There isn’t too much that can be said about Veiled Shade. It’s a decent card for set filler.

#28. Nightwing Shade

Nightwing Shade

Nightwing Shade has a slightly higher mana value than other shades, but having flying along with the booster ability gives it a more concrete advantage.

#27. Hoar Shade + Fetid Horror

These two cards share the spot since they’re essentially the same card. Neither Hoar Shade nor Fetid Horror are particularly powerful, but they have a better cost-to-power ratio than some of the previous shades.

#26. Undercity Shade

Undercity Shade

Undercity Shade has a pretty high mana value, but its boost ability has a lower cost, which makes it a bit more interesting paired with fear.

#25. Tattered Apparition

Tattered Apparition

Tattered Apparition is basically a better Nightwing Shade thanks to costing one less mana.

#24. Shade of Trokair

Shade of Trokair

Shade of Trokair is basically a planar-shifted version of Hoar Shade and Fetid Horror. The thing that puts it ahead is its suspend ability, which makes it slightly more viable in white decks.

#23. Nakaya Shade

Nakaya Shade

I mostly think Nakaya Shade’s ability can be interesting as a way to force your opponents to waste their mana if you play it right.

#22. Slithering Shade

Slithering Shade

There are enough decks out there that keep their hands empty consistently enough that playing Slithering Shade might be worth it. And while it’s not a great defender it’s not the worst out there either.

#21. Looming Shade

Looming Shade

Looming Shade is another example of an archetypical shade. Its lower ability cost gives it an advantage over similar previous entries.
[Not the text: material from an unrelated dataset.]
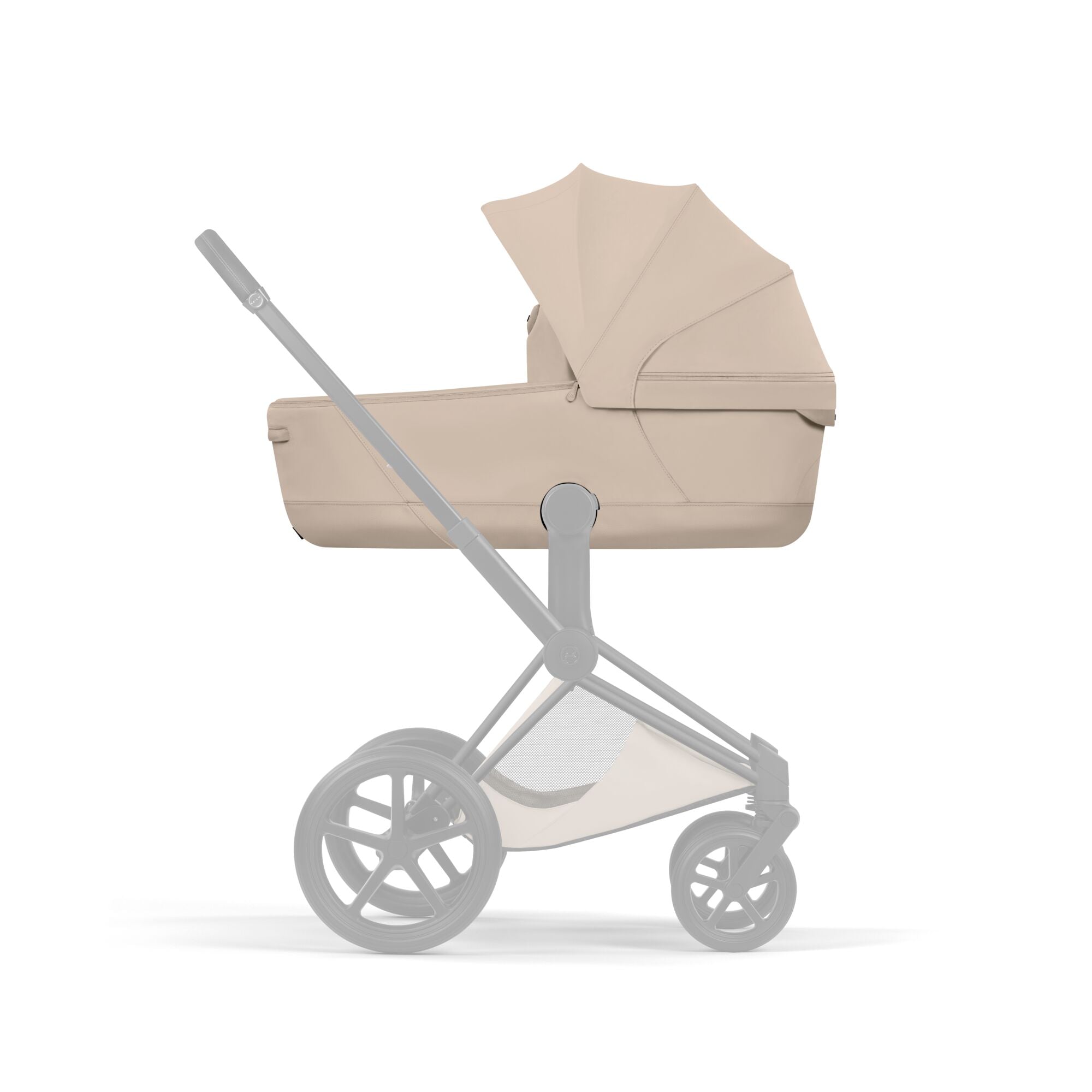Cybex PRIAM Fold Cot Travel System Bundle - Style Cozy Beige & Chrome Brown Frame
#20. Drifting Shade + Dungeon Shade

Similar to previous examples, Drifting Shade and Dungeon Shade share a spot for being functionally identical. They both make up for their extra mana cost by having flying, which can be useful on cards with boosting abilities.

#19. Crypt Ripper

Crypt Ripper

I mostly think Crypt Ripper is an interesting card because it has haste. This is an uncommon ability for black cards, and shades in particular.

#18. Perilous Shadow

Perilous Shadow

Perilous Shadow’s activated ability isn’t the best out there, but it stands out when compared to other shades that only get +1/+1 for the same cost.

#17. Whispering Shade

Whispering Shade

I for one think landwalk abilities were pretty viable ways of circumstantial evasion. Whispering Shade can be pretty useful against decks that play Swamps, or if there’s an Urborg, Tomb of Yawgmoth in play.

#16. Frozen Shade

Frozen Shade

Frozen Shade takes the honor of being one of the first shades to be printed, dating all the way back to Alpha. It may have fallen behind with the game’s ever-increasing power levels, but it’s honestly not terrible in the context of its original set.

#15. Darkling Stalker

Darkling Stalker

Darkling Stalker’s regeneration ability makes it an interesting variation on the shade formula, and it makes sense flavor-wise since shades should arguably be really hard to kill.

#14. Cinder Shade

Cinder Shade

Maybe this card could’ve been lower on the list, but I have some particularly fond memories of it. Cinder Shade’s art was in the Blowout precon’s box art from Invasion’s theme decks. That was the very first deck I ever played, and I remember actually thinking this card was pretty strong (I was eight years old; I didn’t know any better).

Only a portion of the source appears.